唐溪悦子さん(以下:唐溪):きっかけは友人の一言でした。もともと私は料理が好きで、将来は門徒さんのところの畑でできた作物を使ったり、家庭から出た野菜くずなどを使ってカフェみたいなことができないかなーって思ってたんです。「おかげさま」が目に見えるかたちで提供できたら、と。
その話を友人にしたところ、なぜか「尼さんが尼崎でそういうイベントをしたら面白いじゃん」という話になって。私がやりたかったこととは全然違うのですが、挑戦の場としてアリだなと思って企画を立てました。
ーーどんな方が参加されるんでしょうか?
唐溪:年齢層は20〜50代の方がたなんですけど、参加者の方については悩んでいることもあって。
ーーどんな悩みかお聞きしてもいいでしょうか?
唐溪:尼僧酒場には、様々な悩みや問題について、偶然酒場に居合わせた人たちで語り合うことで気づきを得てほしいという思いがあります。ですが、参加者の方のなかには自分のことを話したいだけで語り合う気がない方というのも一定数おられるんです。そこに新たな気づきはなかなか生まれづらい。塩梅が難しいなと悩んでいるところです。
ーー話題になるなかで、SNSでは「僧侶」と「酒場」というキーワードの組み合わせに嫌悪感を持たれる方もおられたようです。それだけ人々の話題になったということですが、唐溪さんご自身はネット上の発信で気をつけておられることはありますか?
唐溪:情報発信は、とにかく自分が何を考えていて、どういう想いで尼僧酒場を開くのかということだけに限るようにしています。
否定的な意見もいただきますが、それはきっと、その方が大事にしているものに私が傷をつけてしまったんだろうなと捉えています。否定的な意見をいただいて初めて「その人が大切にしていることや生きづらさ」を教えてもらった気がします。もちろん、ちゃんと落ち込みますが(笑)

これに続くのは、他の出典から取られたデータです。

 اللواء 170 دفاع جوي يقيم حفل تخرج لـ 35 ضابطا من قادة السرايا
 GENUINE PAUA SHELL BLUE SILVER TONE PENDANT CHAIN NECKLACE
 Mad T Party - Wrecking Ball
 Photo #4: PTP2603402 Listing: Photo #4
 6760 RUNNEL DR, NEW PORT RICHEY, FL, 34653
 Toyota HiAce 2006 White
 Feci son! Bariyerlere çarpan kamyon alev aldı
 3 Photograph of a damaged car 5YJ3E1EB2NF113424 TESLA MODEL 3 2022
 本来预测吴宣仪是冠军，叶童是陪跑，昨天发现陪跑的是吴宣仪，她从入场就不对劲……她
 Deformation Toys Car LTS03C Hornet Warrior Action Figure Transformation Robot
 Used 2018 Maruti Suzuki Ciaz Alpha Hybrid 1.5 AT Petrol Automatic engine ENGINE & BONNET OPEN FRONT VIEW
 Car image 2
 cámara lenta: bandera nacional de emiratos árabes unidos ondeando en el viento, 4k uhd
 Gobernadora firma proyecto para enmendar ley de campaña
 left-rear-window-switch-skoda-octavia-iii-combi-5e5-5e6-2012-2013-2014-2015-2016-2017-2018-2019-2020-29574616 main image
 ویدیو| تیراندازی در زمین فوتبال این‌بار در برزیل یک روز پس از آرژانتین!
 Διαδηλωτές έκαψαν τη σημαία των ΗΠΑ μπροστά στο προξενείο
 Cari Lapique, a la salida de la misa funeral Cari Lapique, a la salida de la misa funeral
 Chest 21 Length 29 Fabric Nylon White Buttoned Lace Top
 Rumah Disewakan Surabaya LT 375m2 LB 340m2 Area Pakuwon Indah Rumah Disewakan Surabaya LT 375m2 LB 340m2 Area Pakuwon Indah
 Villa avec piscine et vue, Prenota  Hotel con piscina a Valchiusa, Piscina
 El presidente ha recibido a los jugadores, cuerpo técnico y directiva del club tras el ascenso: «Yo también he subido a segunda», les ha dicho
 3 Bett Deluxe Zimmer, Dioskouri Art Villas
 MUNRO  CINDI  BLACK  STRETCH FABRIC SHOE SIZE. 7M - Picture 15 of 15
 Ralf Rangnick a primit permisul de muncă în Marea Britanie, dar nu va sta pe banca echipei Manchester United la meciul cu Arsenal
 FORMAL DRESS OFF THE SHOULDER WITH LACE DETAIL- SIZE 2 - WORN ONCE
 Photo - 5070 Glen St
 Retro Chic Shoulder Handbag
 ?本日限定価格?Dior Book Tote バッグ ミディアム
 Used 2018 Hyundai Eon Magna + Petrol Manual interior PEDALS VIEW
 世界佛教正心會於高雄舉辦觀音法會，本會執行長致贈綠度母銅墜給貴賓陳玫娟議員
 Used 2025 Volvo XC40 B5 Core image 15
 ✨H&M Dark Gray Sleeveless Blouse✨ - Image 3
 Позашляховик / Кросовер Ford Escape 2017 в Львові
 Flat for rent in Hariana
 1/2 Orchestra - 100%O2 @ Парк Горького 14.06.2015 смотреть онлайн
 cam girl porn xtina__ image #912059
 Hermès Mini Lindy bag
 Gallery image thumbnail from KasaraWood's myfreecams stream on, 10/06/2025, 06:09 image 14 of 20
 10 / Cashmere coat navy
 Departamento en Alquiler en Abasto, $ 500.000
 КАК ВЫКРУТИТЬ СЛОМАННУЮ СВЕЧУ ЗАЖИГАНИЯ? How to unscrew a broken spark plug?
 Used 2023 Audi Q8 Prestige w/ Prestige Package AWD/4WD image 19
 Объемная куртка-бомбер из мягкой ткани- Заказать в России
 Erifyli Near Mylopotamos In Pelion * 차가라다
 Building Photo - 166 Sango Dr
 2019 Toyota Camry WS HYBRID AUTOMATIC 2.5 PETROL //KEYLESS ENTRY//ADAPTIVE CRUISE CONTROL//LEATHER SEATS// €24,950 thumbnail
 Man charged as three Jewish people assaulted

ーーなるほど。その人のなかの曲げられない何かが浮き彫りになるというか。
唐溪:はい。それに、もともと「尼僧」というネーミングにしたのも、この言葉をきっかけにジェンダーについて話し合う場にできたらという狙いがあったくらいですから、いろんな意見が出るのは妥当かなと思います。
今後の展望。「ただ、あること」の大切さ
ーー今後の展望についてお聞かせいただけますか? ざっくりとしたイメージでかまわないのですが。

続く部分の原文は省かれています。